Work task – Find the line in the entries below that contains "Vintage Boopie Glass". Repeat it exactly, and every line after it through the line that contains "Tapis peint en".

Records to use –
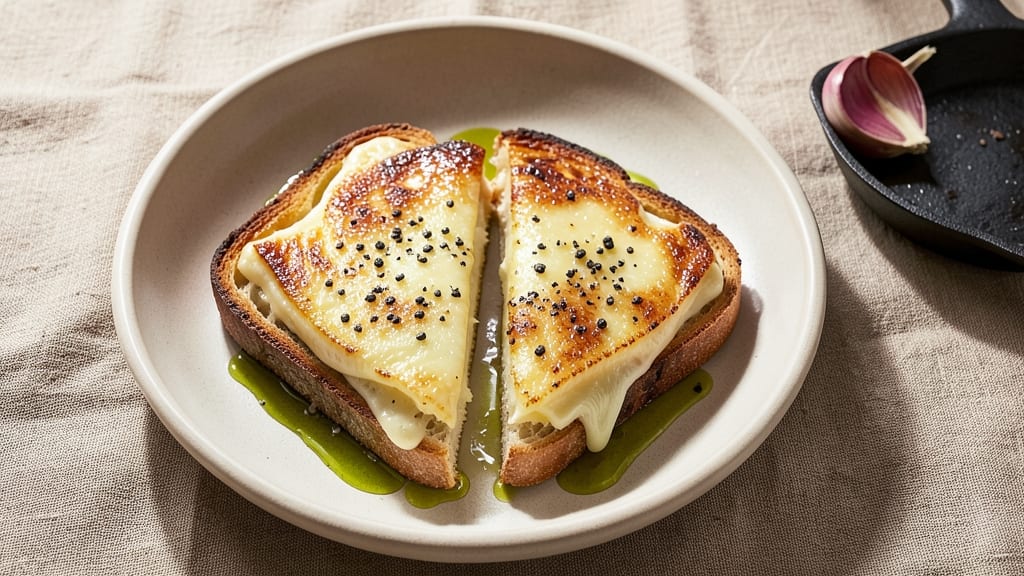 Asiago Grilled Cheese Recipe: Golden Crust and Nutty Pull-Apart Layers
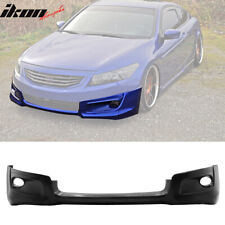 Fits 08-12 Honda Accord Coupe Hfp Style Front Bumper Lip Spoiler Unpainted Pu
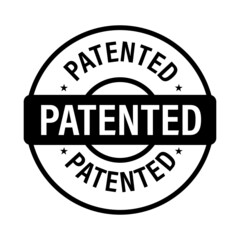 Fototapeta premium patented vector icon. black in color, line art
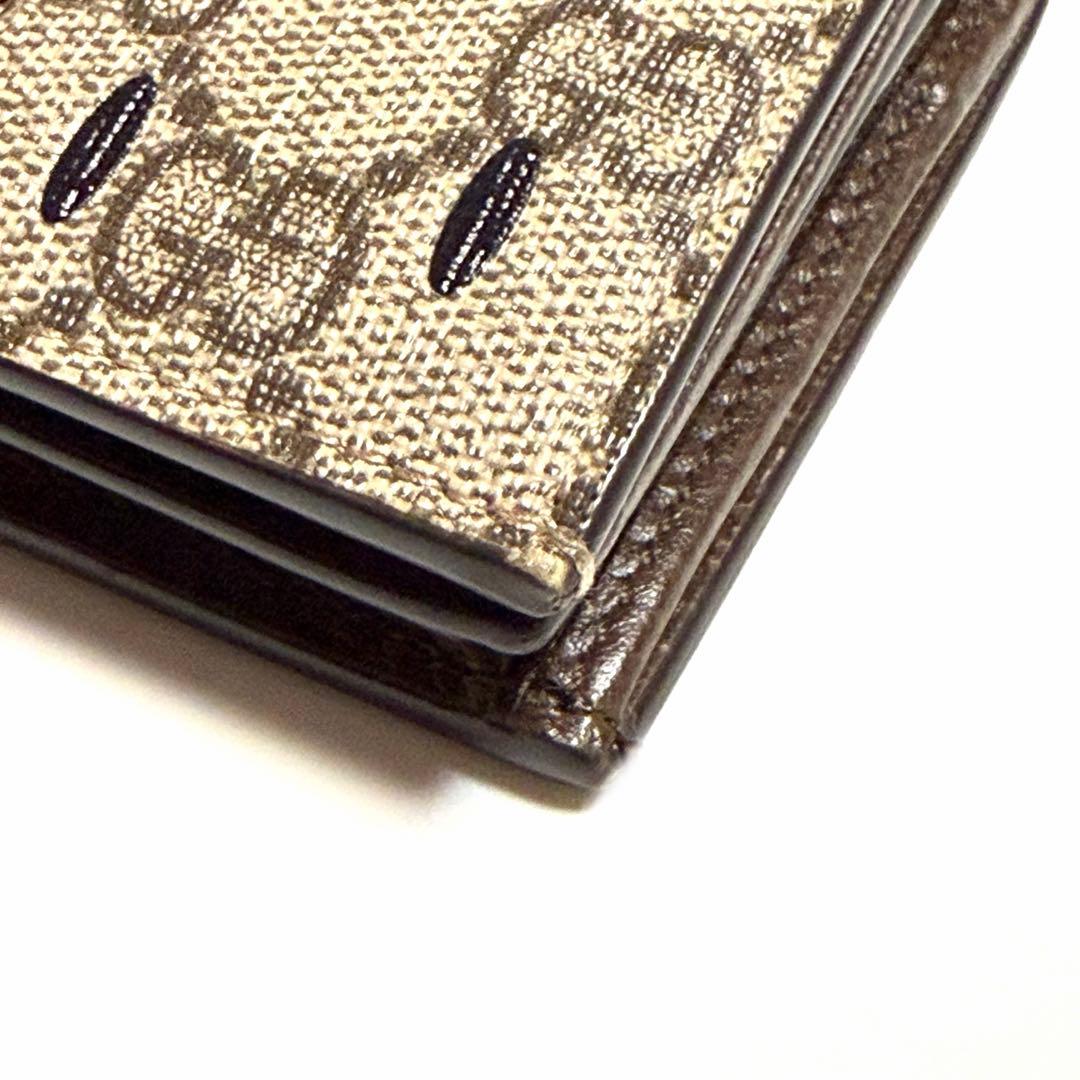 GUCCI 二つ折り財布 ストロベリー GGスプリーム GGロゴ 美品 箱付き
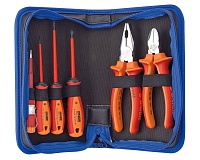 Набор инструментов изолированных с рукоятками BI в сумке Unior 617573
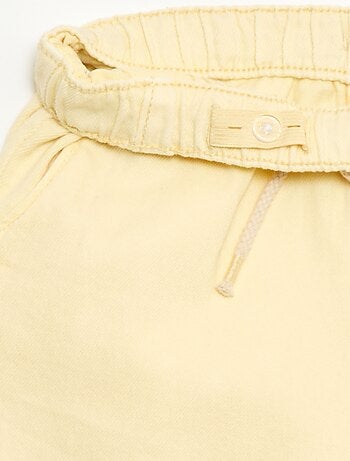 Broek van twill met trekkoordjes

--

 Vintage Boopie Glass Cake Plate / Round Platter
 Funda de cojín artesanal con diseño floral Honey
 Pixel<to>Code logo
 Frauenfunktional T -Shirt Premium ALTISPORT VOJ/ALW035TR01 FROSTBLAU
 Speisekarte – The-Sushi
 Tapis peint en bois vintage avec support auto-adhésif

Task solution –
 Vintage Boopie Glass Cake Plate / Round Platter
 Funda de cojín artesanal con diseño floral Honey
 Pixel<to>Code logo
 Frauenfunktional T -Shirt Premium ALTISPORT VOJ/ALW035TR01 FROSTBLAU
 Speisekarte – The-Sushi
 Tapis peint en bois vintage avec support auto-adhésif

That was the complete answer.